The morning ride was as good as it has been any day of this trip. If not the best of the lot. Lovely cloudless skies with a cool temperature and after a 6 km hill climb shortly after starting I dropped down into a small valley, from the village of Robledo , that was almost gorge like. Passing through barely populated villages the terrain was almost flat with anything a slight decline. The tarmac surface was very good, there was minimal traffic and the road wound itself east following a small stream. Little wonder the first of many motorbikers soon appeared. It was about 30 km of unadulterated cycling heaven.
The small village of La Jardín, situated in the heart of the gorge, appeared at about the 30 km mark and bask in the sun outside a cafe sipping my coffee and gorging on a pastry was a lovely way to pass 15 mins.
Just because. Another seemingly lovely piece of Spanish farmhouse architecture. When I rode by the establishment it looked rundown and vacant. When I parked my bike up against that door about 42 dogs suddenly woke up on the other side of the wall. Post haste was the shot taken.
Meet Jorge. As I sat enjoying my morning coffee he pulled up and beckoned me to the back of his car. In quickfire Spanish he explained to me what the wreck of an old bicycle was doing there of which I understood nought. And then he was on his way. Strange.
That SMASHED I mentioned earlier ? That would be a smashing of the record for the longest straightest piece of road on the trip. You might recall the record had been set at 3.6 km. Well, today as I left the valley behind me and made my way eastward across the plains towards Albacete I encountered a section of straight road that ran for 19.4 km. I know for many from Australia , the USA or Canada that isn’t very long but I was suitably impressed. After 10km I was also suitably bored.
(FWIW I googled the longest straight road in the world and yes Australia holds that record. 146.6 km between Balladonia and Caiguna. )
Just outside of Albacete I came across “Club Chango” Girls Shows. Complete with discretion curtain around the car park to ensure passing motorists couldn’t make out whose cars were parked up whilst they enjoyed the entertainment inside.
Lunch in Albacete was interesting if only for the “life lesson” experience I enjoyed. Soon after sitting down a plate of olives and a bowl of very small shells turned up in front of me. With no cutlery in sight I assumed one ate the shells whole. So I did. About 30 of them (lovely crunchy texture to them) before I noticed people around me were using provided toothpicks to scoop the minuscule morsels of flesh from within the shell and then discarding the hard bit. Oops.

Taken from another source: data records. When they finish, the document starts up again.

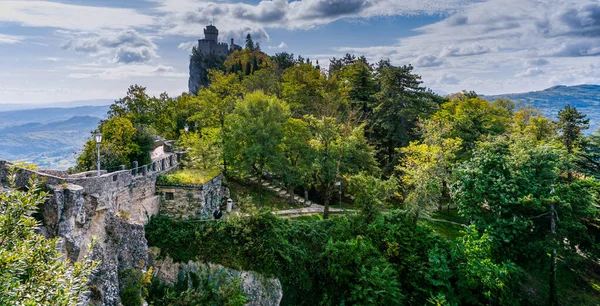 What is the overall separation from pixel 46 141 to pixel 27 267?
142389 mm

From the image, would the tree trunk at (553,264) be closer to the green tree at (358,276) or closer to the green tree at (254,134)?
the green tree at (358,276)

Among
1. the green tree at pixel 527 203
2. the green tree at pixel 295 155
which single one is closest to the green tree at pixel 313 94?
the green tree at pixel 295 155

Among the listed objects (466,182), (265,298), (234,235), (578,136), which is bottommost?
(265,298)

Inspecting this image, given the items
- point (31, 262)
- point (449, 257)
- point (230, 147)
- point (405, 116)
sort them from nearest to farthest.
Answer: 1. point (31, 262)
2. point (449, 257)
3. point (230, 147)
4. point (405, 116)

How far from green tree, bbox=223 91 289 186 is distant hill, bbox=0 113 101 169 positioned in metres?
72.3

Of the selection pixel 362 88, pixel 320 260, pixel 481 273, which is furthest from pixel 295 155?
pixel 481 273

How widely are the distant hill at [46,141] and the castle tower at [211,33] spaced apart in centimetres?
3867

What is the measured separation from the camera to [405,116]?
30.6 meters

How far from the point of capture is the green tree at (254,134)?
23.6 metres

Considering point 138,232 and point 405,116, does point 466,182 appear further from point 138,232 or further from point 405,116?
point 138,232

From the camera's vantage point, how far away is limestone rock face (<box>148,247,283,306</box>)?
54.4 feet

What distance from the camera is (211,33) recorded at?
95000mm

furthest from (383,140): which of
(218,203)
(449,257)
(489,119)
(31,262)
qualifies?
(31,262)

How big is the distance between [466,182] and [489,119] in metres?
14.8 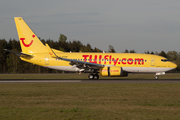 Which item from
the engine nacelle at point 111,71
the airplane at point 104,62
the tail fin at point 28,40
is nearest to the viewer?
the engine nacelle at point 111,71

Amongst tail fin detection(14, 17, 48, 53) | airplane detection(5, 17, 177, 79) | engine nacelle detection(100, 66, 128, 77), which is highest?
tail fin detection(14, 17, 48, 53)

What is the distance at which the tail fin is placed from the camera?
40812 millimetres

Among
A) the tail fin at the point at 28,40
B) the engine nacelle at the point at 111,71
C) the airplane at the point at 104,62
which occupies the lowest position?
the engine nacelle at the point at 111,71

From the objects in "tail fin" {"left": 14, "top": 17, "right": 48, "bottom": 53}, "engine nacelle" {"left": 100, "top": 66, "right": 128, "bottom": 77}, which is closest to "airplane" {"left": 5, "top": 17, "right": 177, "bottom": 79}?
"engine nacelle" {"left": 100, "top": 66, "right": 128, "bottom": 77}

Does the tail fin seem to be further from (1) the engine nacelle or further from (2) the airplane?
(1) the engine nacelle

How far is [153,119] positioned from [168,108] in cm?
293

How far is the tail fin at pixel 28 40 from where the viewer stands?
40812mm

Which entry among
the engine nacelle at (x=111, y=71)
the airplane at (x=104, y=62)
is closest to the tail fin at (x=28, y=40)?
the airplane at (x=104, y=62)

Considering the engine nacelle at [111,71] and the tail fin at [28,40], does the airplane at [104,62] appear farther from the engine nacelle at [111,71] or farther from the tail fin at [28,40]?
the tail fin at [28,40]

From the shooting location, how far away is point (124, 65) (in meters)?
37.2

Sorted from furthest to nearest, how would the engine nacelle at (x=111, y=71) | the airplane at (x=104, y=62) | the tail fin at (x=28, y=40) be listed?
the tail fin at (x=28, y=40) → the airplane at (x=104, y=62) → the engine nacelle at (x=111, y=71)

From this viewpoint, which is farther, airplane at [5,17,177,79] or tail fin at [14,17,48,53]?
tail fin at [14,17,48,53]

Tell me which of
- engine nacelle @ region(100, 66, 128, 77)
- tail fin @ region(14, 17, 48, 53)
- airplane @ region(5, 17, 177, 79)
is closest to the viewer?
engine nacelle @ region(100, 66, 128, 77)

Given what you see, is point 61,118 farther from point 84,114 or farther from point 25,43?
point 25,43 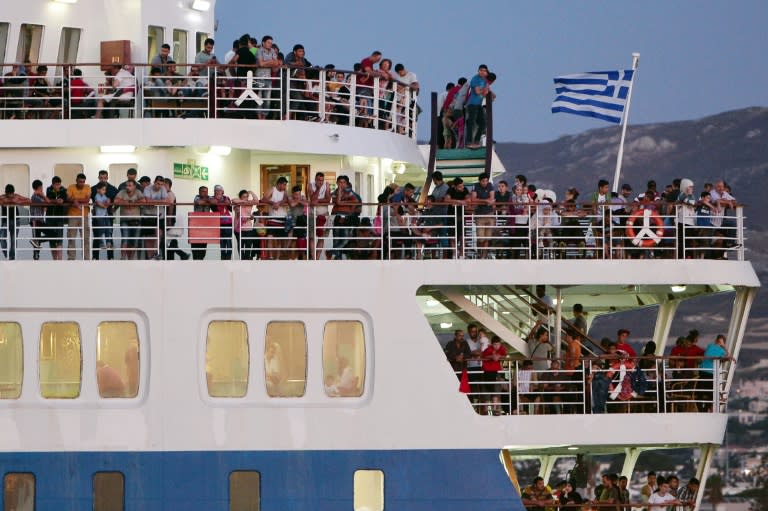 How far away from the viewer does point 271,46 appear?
27484 millimetres

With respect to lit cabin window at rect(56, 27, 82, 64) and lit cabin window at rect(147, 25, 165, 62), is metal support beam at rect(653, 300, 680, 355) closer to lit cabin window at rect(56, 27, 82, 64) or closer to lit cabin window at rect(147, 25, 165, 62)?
lit cabin window at rect(147, 25, 165, 62)

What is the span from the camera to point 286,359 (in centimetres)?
2442

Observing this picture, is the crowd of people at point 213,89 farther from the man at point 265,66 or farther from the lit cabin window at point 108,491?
the lit cabin window at point 108,491

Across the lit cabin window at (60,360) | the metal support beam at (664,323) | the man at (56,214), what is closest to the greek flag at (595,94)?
the metal support beam at (664,323)

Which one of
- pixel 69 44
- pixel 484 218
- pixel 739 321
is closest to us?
pixel 484 218

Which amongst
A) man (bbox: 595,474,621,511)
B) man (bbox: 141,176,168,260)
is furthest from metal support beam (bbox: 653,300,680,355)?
man (bbox: 141,176,168,260)

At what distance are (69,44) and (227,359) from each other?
25.6 ft

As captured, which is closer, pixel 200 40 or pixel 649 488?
pixel 649 488

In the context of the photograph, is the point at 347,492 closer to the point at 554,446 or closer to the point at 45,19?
the point at 554,446

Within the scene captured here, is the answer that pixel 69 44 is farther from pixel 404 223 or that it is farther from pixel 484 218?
pixel 484 218

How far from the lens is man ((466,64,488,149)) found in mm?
28812

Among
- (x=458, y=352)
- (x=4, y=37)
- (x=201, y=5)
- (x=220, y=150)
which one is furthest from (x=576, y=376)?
(x=4, y=37)

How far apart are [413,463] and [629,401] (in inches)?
128

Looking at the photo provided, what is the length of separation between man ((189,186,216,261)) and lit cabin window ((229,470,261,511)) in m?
3.22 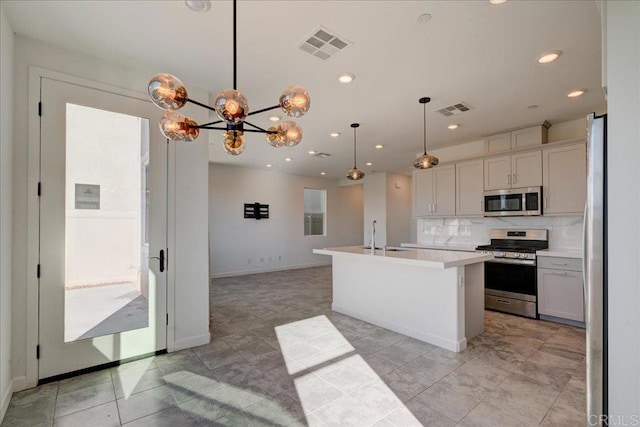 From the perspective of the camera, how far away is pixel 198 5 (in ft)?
6.68

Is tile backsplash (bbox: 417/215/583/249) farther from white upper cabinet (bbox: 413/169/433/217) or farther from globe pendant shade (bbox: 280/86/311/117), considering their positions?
globe pendant shade (bbox: 280/86/311/117)

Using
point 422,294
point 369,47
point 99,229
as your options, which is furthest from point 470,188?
point 99,229

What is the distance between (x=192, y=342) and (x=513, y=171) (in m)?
5.18

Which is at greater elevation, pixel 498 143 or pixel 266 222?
pixel 498 143

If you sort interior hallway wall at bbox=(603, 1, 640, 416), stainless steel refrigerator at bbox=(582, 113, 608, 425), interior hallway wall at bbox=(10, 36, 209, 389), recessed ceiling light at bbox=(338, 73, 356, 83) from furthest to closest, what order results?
recessed ceiling light at bbox=(338, 73, 356, 83) < interior hallway wall at bbox=(10, 36, 209, 389) < stainless steel refrigerator at bbox=(582, 113, 608, 425) < interior hallway wall at bbox=(603, 1, 640, 416)

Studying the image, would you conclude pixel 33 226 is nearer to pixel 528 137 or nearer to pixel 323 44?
pixel 323 44

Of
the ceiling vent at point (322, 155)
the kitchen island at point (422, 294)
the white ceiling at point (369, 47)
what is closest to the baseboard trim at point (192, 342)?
the kitchen island at point (422, 294)

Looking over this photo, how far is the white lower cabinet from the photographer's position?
12.3 ft

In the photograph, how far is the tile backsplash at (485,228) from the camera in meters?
4.40

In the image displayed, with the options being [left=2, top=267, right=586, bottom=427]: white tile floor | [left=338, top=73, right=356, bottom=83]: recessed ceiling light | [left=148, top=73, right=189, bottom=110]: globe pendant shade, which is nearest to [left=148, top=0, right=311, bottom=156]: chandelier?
[left=148, top=73, right=189, bottom=110]: globe pendant shade

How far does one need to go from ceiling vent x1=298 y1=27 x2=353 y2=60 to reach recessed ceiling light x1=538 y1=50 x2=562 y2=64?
1814mm

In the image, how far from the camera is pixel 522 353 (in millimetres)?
3012

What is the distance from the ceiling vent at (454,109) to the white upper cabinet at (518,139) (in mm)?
1356

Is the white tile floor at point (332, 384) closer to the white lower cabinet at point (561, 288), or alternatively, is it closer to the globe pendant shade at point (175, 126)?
the white lower cabinet at point (561, 288) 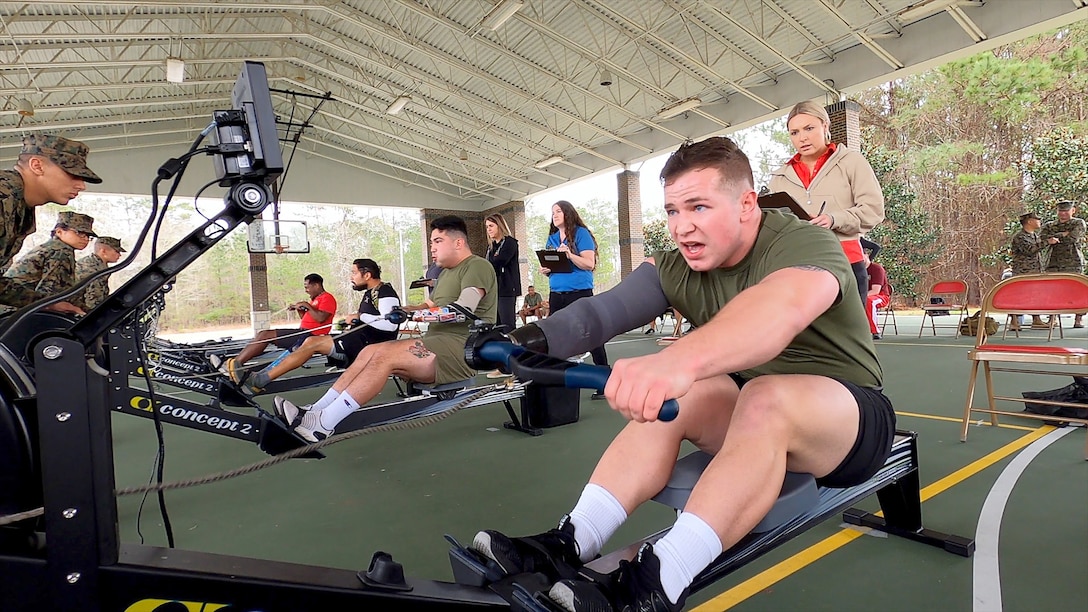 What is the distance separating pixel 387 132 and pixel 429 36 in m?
5.13

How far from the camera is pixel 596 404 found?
4.41 m

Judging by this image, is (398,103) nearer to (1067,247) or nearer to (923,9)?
(923,9)

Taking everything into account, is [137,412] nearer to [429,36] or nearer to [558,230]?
[558,230]

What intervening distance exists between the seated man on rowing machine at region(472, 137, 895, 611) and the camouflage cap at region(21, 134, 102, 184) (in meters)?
2.06

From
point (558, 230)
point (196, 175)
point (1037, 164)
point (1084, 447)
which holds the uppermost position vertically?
point (196, 175)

Albacete has a bull ring too.
127 - the number of times I stood up on my pedals today to release the pressure off my left buttock which has seemingly grown an aversion to long periods of engagement with my Brooks B17 “Flyer” handmade leather saddle.
4 - number of time my bike fell over today as I tried to prop it up with a rock or stick for a photo. The makers of Surly continue to ignore pleads from their riders for a stand to be mounted on the bike. Something about compromising the integrity of the bikes frame and also added weight. Perhaps a compromise would be to make a high tensile steel lightweight portable stand that could be folded away for use when necessary Mr Surly?